City comes together to pledge support to improve air quality

The people of Leeds came out in force to pledge their support to improve air quality in the city as part of the UK’s first ever National Clean Air Day.

Over 800 people pledged to walk, cycle or look to use more sustainable modes of travel as part of the day of action yesterday (15 June 2017).

The future generations of the city also got on board and showed their support through a number of initiatives including a park and stride at Kirkstall Valley Primary School and live air quality monitoring at Shire Oaks School.

Councillor Lucinda Yeadon, deputy leader and Leeds City Council executive board member with responsibility for sustainability and the environment said:

“It is fantastic to see the response from the people of Leeds to the UK’s first ever National Clean Air Day.

“Improving the quality of air for our city is a big task, and it is not something the council can do alone.

“We are keen to hear from people and businesses across the city as to how we go about doing this, but as a starting point I would like to say a big thank you to everyone that supported the day yesterday.

“We will continue with this momentum and support going forward and ensure air quality is top of the agenda and ensure we do what we can to reduce levels of pollution in our fantastic city.”

Leeds City Council is fully committed to reducing levels of pollution in the city and is already progressing a number of projects and initiatives as part of its Air Quality Strategy, including increasing the number of electric vehicles in the council’s own fleet to over 50 vehicles, offering a free parking permit to those driving Ultra Low Emissions Vehicles and encouraging greater use of public transport, with major investments in bus and rail infrastructure to be delivered in the future.

Councillor Keith Wakefield, Chair of West Yorkshire Combined Authority’s Transport Committee, said

“West Yorkshire Combined Authority is in full support of Clean Air Day and other initiatives that will help to improve air quality in the region. To improve quality of life for local Leeds people and for those who chose to visit, we must work together. We will continue to encourage people to cycle, walk, and catch the bus or train to work or school.

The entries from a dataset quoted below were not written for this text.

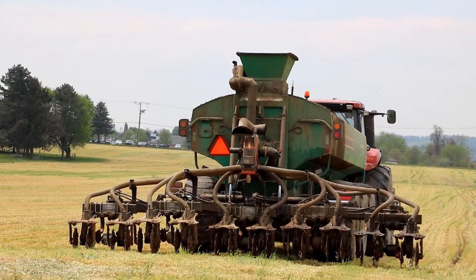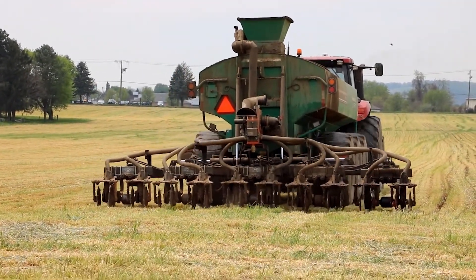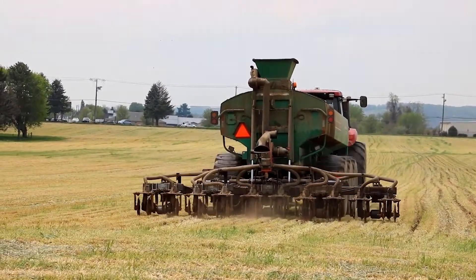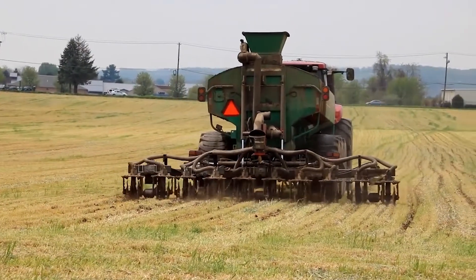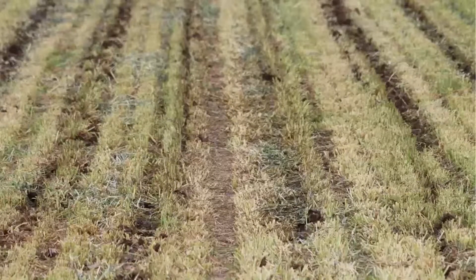Improvements in equipment have made it possible to incorporate manure in no-till systems with minimal soil disturbance. This creates an opportunity to keep the benefits of no-till systems while resolving some of the concerns created by concentration of manure on the surface. Here you can see manure being injected in rye stubble with very minimal disturbance.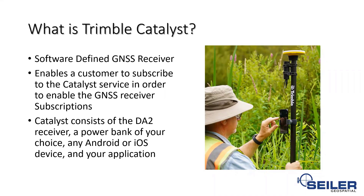When you're out there using the Trimble Catalyst, it's going to consist of four things: you're going to need the DA2 receiver, a power bank of your choice — you can use any of those power banks that you might have to charge your phone — Android or iOS, and your application. You set that up inside of Trimble Mobile Manager and get that information sent directly to your phone so you can collect data very quickly and efficiently.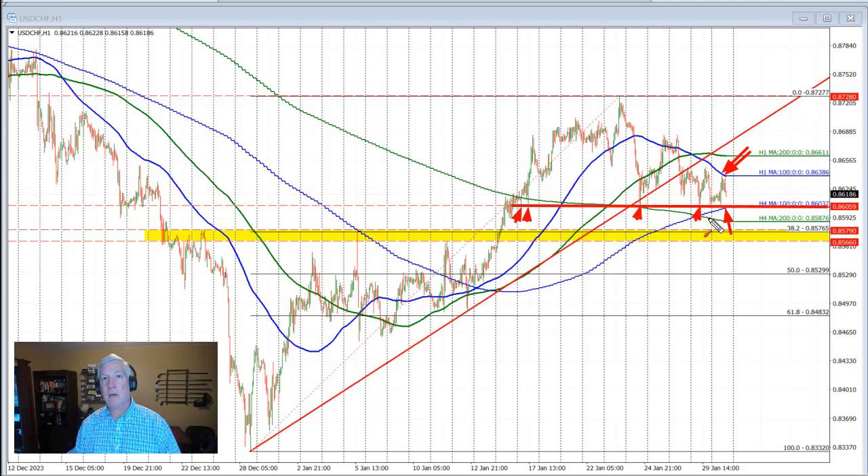So not only do we have the 100-bar moving average on the 4-hour chart moving higher and providing support, we also have the floor right here at 0.86037 near the same level, and that is going to help define support. Traders will have to decide whether the price is going to move to the upside or move to the downside.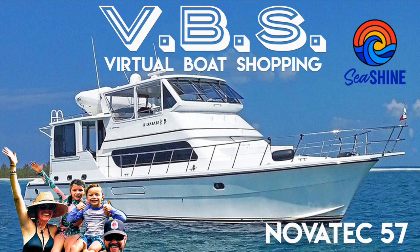Ready, set, go. That was good. We are the Boomer Shines and we have a dream of doing the Great American Loop with ourselves, our two kids, and our two cats. But first, we got to find a boat. So this is episode 28 of Virtual Boat Shopping, otherwise known as V.B.S.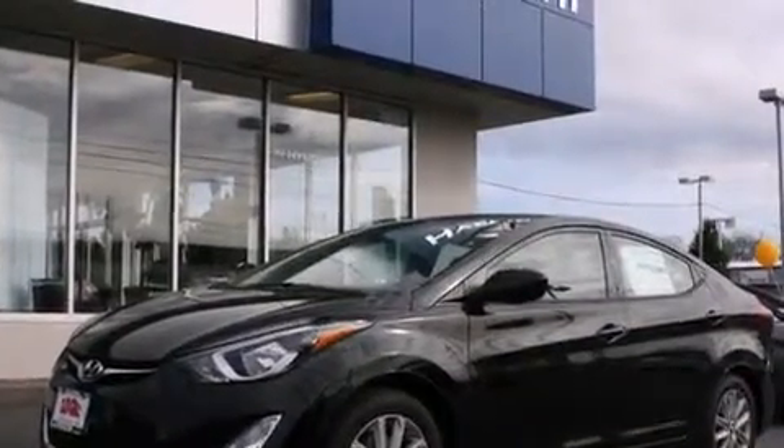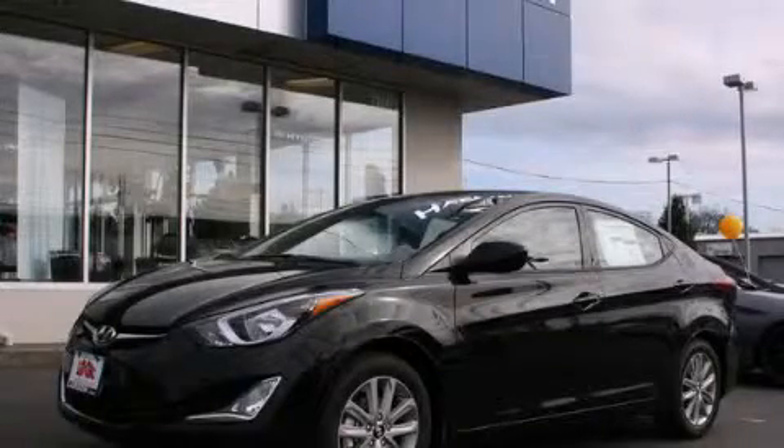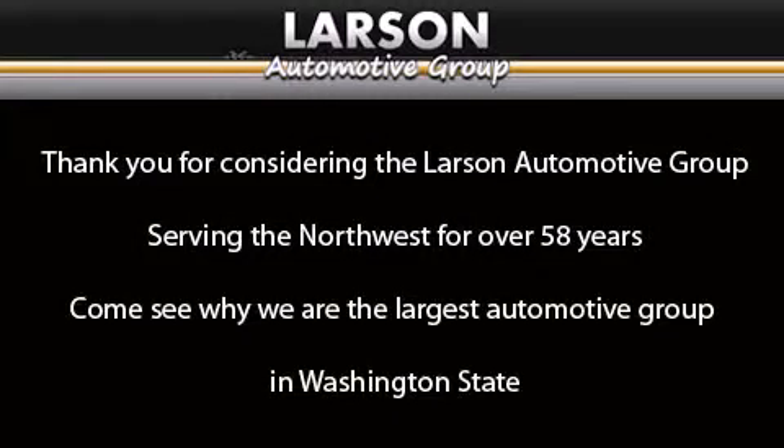Contact us today and schedule your opportunity to see this automobile in person. Thank you for considering the Larson Automotive Group, serving the Northwest for over 58 years. Come see why we are the largest automotive group in Washington State.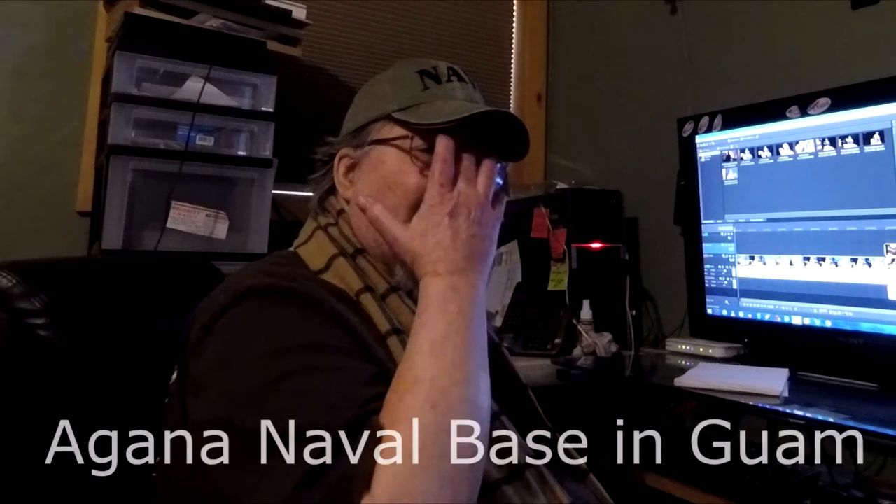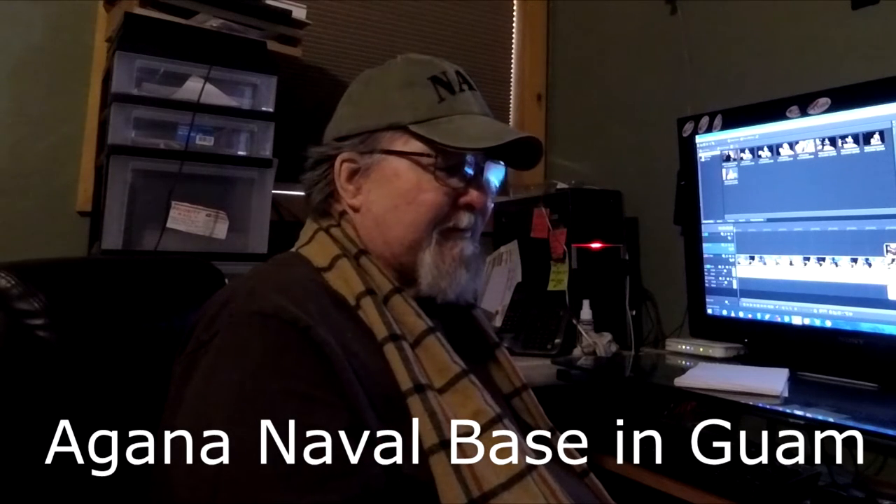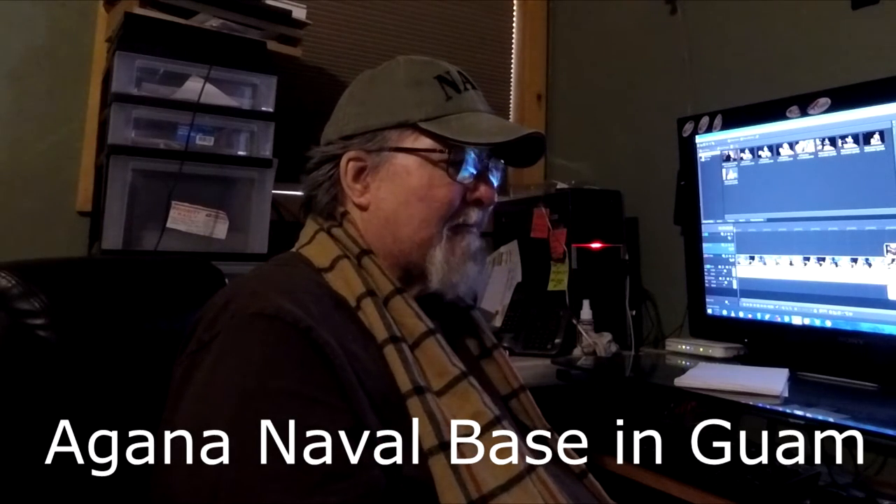Back when I was a kid, back in the 1950s, around '55, '56, I lived on Guam with my family. My dad was in the Navy. He was stationed at the Agonia Naval Base there in Guam, and we were there for about two years. And I got what is commonly called jungle rot on my foot, and it's a fungus.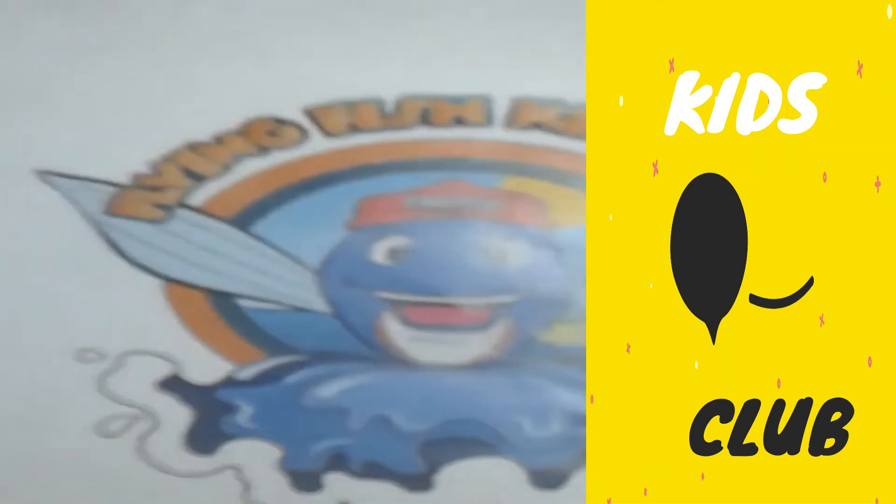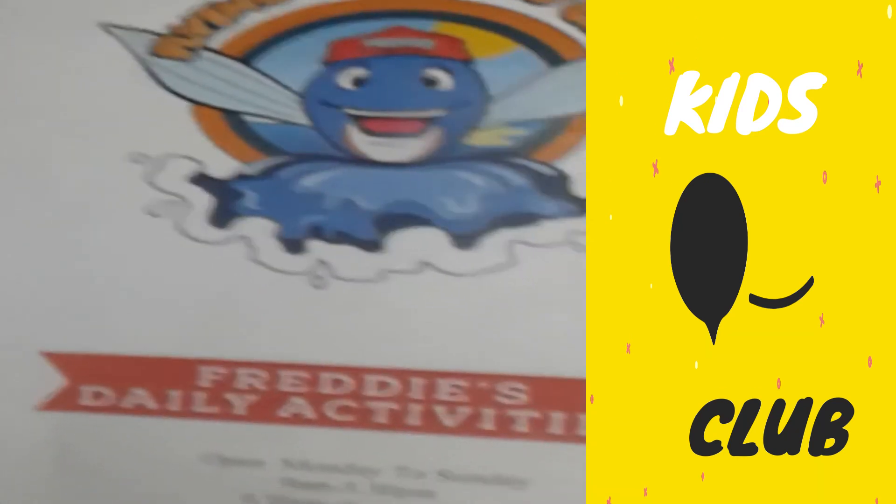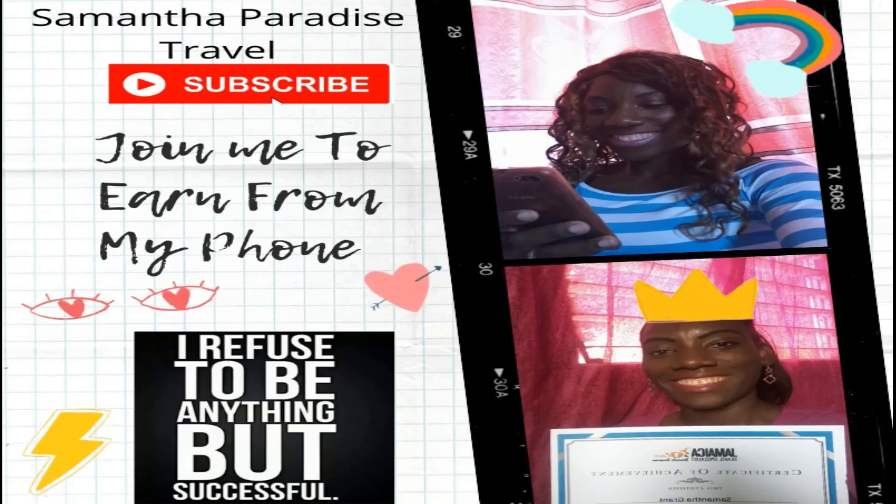It's the Flying Fish Kids Club at the Elegance Hotel. Don't forget — all right!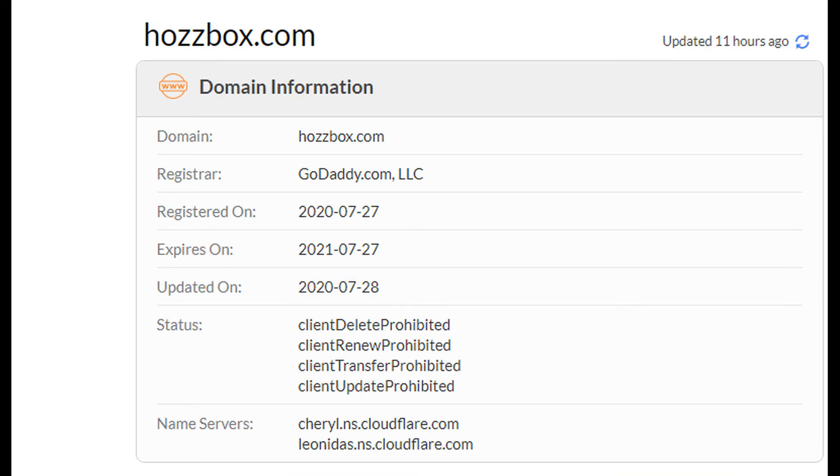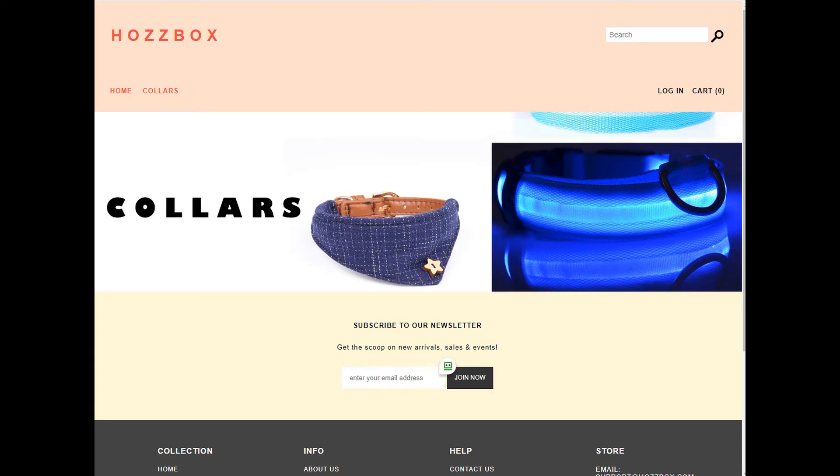You will find this is a recent website, just one month old. How can such a young website be trustworthy? What do you think about it? Comment below. Thanks for watching my video — like, share, and subscribe to my channel. Goodbye.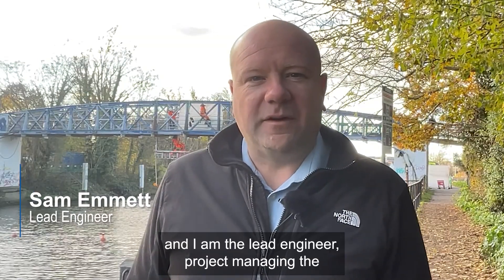Hi, my name is Sam Emmett and I'm the Lead Engineer Project Managing the Vital Improvement Works at Teddington Lock Footbridges.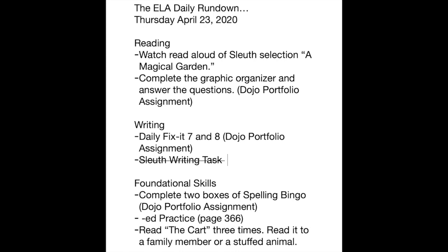For writing, we're going to do the Daily Fix-It seven and eight — that is your Dojo portfolio assignment for writing today. It says 'Sleuth writing task' but it's crossed out. I have it here because it's in the packet, but I'm taking it out — it's a little too much work, so we're going to trim it down a bit today. Don't worry about doing that. Finally, for foundational skills, complete two boxes of spelling bingo — that's your Dojo portfolio assignment for foundational skills.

“Travel planning support to businesses, improving transport services, free cycle training and building high quality cycling and walking infrastructure are just a sample of the work being done by West Yorkshire Combined Authority to help reach the goal of Leeds being a clean air zone by 2020.”

The council, working with partners across the city is also encouraging alternatives to car use, including the recent opening of the Temple Green Park and Ride site and the successful Elland Road Park and Ride site. Phase one of a new Cycle Superhighway through the city is now open and plans for phase two are being developed. This has been funded through £40m from the Department for Transport along with £14.3 from West Yorkshire Combined Authority and £440,000 from various public health grants.

Notes to editors;

National Clean Air Day

The first ever National Clean Air Day aims to create a groundswell of action bringing thousands of people together to make UK cities cleaner, healthier and greener.

National Clean Air Day will highlight what we can all do to protect ourselves and our children, and reduce local pollution levels. The day will also capture the voices of people living all over the UK, from all walks of life, sharing their concerns about pollution and their hopes for swift progress in cleaning up our air.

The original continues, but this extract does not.